Data items:
"""

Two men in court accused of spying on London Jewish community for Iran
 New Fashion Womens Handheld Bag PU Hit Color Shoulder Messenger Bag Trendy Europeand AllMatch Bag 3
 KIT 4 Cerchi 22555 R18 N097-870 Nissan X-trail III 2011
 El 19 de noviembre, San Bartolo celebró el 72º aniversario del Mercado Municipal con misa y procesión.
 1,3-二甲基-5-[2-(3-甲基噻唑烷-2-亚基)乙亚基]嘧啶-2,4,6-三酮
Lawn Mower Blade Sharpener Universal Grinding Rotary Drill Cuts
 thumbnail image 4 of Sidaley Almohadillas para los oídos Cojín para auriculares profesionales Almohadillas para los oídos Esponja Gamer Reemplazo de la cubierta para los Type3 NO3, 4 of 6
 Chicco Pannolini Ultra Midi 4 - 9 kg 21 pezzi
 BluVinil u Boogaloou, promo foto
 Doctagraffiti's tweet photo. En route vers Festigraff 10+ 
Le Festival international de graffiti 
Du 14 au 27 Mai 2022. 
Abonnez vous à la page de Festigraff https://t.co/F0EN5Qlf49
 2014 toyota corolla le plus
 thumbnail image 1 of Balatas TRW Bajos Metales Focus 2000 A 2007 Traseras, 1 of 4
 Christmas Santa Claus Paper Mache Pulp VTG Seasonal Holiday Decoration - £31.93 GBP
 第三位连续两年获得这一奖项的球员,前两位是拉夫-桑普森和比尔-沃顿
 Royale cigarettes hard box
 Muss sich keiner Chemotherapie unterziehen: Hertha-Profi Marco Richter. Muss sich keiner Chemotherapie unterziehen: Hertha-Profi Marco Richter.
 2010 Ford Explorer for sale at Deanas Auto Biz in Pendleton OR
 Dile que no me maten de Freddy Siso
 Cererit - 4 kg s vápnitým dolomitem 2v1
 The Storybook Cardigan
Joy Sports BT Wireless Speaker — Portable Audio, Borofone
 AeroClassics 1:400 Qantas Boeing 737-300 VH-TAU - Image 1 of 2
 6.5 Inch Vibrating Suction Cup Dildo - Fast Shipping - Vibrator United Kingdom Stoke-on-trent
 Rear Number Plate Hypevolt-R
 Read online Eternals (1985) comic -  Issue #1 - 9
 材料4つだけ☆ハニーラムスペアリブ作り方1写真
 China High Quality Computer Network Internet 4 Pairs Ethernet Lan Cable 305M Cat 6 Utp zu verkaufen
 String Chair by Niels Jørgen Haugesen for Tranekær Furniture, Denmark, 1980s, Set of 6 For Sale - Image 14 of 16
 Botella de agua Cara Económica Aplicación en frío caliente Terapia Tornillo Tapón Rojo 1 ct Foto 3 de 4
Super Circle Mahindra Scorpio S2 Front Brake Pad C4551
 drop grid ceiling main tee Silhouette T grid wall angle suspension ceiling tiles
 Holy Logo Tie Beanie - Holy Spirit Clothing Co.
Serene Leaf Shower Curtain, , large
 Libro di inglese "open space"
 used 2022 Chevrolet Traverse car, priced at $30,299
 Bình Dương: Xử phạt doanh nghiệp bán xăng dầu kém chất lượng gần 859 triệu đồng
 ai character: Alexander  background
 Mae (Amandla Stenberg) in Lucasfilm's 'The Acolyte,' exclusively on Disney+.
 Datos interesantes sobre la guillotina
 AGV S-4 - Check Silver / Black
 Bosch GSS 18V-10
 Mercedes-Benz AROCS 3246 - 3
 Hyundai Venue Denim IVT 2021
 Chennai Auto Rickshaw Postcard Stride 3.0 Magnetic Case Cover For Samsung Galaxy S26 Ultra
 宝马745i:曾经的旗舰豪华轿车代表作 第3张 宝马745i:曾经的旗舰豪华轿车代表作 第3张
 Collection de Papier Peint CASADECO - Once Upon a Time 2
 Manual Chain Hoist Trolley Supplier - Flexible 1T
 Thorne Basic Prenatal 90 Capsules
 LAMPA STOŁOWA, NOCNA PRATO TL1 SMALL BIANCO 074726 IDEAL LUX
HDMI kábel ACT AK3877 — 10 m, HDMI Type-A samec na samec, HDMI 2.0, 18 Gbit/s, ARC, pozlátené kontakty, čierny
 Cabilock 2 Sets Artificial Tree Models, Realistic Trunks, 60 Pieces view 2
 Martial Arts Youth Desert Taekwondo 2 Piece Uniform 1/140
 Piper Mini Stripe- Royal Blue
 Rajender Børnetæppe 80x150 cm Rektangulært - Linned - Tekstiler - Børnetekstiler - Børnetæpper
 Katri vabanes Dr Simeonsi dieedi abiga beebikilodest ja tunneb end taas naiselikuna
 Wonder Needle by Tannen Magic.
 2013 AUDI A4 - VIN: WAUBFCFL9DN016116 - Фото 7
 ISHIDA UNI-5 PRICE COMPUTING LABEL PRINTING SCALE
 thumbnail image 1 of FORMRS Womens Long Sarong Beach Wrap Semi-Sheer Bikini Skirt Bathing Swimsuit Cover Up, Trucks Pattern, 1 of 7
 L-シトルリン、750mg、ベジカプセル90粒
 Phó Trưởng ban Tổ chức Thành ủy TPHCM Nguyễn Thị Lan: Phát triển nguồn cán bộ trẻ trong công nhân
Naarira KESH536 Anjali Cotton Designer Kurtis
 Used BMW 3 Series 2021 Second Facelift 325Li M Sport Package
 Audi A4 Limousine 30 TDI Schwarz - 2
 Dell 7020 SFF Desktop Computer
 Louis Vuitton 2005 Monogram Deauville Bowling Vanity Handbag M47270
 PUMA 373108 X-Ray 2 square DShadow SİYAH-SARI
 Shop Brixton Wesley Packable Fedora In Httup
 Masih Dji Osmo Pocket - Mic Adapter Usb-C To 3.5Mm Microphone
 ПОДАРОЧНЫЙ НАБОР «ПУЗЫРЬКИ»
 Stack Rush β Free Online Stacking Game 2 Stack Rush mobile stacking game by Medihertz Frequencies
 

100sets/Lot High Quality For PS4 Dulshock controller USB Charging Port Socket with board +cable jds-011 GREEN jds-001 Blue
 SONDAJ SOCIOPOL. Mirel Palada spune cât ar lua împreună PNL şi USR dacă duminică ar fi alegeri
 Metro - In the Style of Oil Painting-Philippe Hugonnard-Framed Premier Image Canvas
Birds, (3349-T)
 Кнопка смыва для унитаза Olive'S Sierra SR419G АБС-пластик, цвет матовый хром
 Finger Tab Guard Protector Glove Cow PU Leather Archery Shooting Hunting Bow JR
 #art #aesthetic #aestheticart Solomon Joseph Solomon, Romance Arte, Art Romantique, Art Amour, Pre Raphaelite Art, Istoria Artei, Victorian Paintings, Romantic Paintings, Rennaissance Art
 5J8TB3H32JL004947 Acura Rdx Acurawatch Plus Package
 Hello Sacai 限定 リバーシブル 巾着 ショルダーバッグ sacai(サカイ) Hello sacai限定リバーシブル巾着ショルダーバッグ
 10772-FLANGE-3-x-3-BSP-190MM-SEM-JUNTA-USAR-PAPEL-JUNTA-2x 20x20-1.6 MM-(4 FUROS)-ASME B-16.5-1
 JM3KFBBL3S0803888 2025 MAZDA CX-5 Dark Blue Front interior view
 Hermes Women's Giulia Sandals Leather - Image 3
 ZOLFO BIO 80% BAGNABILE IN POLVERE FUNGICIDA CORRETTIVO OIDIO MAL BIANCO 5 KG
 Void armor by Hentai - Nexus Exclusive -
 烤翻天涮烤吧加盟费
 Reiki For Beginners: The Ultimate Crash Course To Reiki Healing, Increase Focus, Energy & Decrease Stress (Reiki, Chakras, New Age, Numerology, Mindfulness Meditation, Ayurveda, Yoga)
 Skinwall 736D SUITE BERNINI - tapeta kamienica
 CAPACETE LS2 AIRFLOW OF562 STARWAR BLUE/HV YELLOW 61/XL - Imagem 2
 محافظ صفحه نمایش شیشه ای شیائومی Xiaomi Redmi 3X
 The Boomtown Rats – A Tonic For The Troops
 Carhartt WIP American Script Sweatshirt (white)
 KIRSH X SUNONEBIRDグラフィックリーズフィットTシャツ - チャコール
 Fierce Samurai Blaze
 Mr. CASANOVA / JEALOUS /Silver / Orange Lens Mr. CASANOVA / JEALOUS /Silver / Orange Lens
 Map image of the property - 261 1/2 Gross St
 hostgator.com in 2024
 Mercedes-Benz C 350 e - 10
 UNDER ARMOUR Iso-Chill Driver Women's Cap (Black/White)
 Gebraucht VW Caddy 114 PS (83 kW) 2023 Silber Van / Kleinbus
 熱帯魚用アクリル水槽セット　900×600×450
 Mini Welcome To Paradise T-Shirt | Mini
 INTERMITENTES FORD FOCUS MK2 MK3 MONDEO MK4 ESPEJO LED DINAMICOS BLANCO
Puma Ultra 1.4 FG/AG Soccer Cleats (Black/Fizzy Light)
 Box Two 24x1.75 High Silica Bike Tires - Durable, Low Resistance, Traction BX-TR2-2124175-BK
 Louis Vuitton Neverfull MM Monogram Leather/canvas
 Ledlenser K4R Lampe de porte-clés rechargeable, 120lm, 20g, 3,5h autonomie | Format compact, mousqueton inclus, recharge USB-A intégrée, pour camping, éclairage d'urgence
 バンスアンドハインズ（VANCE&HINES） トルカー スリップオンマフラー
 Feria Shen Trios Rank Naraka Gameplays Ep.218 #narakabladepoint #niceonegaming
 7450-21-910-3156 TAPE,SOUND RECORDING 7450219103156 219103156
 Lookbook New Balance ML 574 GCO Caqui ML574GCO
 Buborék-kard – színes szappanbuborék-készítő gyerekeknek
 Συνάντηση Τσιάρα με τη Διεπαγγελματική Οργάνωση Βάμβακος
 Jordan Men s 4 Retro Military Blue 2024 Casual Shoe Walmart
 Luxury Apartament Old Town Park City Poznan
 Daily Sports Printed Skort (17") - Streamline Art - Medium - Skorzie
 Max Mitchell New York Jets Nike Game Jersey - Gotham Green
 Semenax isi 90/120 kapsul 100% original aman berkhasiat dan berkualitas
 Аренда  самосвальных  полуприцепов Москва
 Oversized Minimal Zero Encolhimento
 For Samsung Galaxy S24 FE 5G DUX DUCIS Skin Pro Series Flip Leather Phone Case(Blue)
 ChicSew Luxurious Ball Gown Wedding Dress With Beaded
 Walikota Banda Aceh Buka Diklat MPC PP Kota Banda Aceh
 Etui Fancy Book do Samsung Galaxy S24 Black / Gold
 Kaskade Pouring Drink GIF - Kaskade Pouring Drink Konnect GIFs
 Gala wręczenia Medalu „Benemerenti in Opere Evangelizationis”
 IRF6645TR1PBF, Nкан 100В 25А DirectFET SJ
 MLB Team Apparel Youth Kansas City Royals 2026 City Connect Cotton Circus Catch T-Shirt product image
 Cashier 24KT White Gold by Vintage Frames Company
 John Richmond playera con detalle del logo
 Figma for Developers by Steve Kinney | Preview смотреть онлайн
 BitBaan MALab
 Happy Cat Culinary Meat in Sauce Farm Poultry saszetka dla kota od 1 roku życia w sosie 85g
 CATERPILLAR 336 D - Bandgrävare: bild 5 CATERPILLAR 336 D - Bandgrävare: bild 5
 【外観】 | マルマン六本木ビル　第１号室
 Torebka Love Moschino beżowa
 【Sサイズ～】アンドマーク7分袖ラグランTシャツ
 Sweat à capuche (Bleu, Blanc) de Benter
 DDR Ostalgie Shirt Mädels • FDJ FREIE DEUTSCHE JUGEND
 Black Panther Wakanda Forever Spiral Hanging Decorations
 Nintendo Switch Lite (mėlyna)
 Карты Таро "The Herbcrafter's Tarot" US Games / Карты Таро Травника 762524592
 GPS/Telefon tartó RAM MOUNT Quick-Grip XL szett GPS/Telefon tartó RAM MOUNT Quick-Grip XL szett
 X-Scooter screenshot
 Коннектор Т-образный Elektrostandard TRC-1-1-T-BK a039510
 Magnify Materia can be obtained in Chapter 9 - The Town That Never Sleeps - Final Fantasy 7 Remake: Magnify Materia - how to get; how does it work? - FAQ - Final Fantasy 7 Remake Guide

"""

### Task requirements
Only lines holding the word "Louis" are wanted, so copy each of them from the records above.

### Exercise solution
 Louis Vuitton 2005 Monogram Deauville Bowling Vanity Handbag M47270
 Louis Vuitton Neverfull MM Monogram Leather/canvas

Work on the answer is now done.